LONDON — Hollywood star Angelina Jolie and British Foreign Secretary William Hague on Tuesday launched a four-day summit on ending rape in war, calling for an end to the “culture of impunity” and more prosecutions.

US Secretary of State John Kerry, who will attend the conference in London on Friday, said the delegates from 117 countries wanted to “relegate sexual violence to the annals of history”.

The summit is the fruit of a two-year campaign by UN special envoy Jolie and Hague, who have visited the Democratic Republic of Congo and Bosnia to meet victims of rape during conflict.

As she opened the conference, Jolie said she and Hague had discussed a woman they met in Bosnia, who was still too ashamed to tell her son that she had been raped. “This day is for her,” said Jolie. “We believe it truly is a summit like no other.”

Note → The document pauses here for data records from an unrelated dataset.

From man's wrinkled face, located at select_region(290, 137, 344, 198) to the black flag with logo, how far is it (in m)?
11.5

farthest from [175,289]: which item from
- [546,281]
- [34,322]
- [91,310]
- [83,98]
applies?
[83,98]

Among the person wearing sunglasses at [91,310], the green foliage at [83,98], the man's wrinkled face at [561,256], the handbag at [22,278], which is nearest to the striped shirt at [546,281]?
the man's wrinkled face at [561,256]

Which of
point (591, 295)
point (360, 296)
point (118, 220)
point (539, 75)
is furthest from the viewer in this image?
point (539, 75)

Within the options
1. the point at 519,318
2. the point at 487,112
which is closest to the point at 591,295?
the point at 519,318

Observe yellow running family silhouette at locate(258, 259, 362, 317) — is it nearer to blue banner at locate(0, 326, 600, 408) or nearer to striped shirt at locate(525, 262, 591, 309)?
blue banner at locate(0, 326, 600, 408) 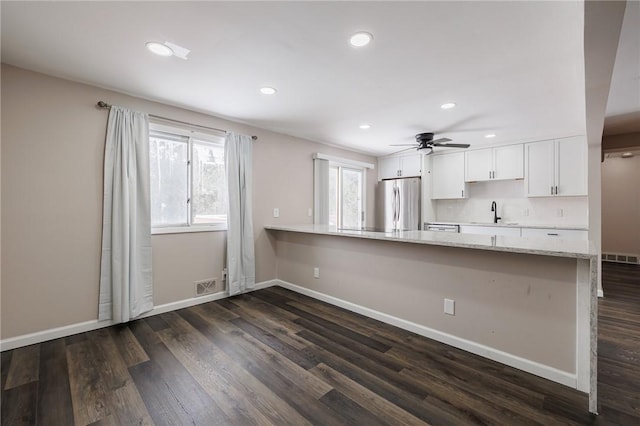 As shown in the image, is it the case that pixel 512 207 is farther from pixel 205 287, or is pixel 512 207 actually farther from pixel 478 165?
pixel 205 287

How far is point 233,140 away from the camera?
12.3ft

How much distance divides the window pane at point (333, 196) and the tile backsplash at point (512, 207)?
2277 millimetres

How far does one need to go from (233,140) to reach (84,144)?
156 centimetres

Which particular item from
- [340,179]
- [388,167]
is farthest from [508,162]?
[340,179]

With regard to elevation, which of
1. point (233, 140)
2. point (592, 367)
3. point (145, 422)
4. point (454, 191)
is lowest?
point (145, 422)

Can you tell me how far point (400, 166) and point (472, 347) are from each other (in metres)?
4.29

Standing next to her, Hague told reporters: “This will be the greatest concentration of effort, of discussion and decision ever seen in combating sexual violence in conflict.”

The conference, held at a vast conference center, includes 150 events open to the public in what the organizers hope will be a giant exercise in raising awareness.

In a statement, Kerry called for countries to end their protection of individuals who commit “these vile acts”. “We must declare in unison: ‘They can’t run and they won’t hide here’,” he said.

Almost 150 governments have endorsed a declaration of commitment to end sexual violence in conflict.

Liesl Gerntholtz, of Human Rights Watch, told AFP that while most victims were women and girls, “there’s an emerging body of research and documentation that certainly shows that men have been targeted”.

She said: “Human Rights Watch’s own research shows that in Syria and Libya sexual violence against men has been part of the pattern of sexualized torture, particularly for men who are in detention or who are being held by the regime or militia.”

Hague has said it was Jolie’s film “In the Land of Blood and Honey” that alerted him to the extent of sexual violence in conflict zones. The 2011 film, which marked Jolie’s directorial debut, is a love story told against the backdrop of the Bosnian war two decades ago, when according to Hague some 50,000 women were raped.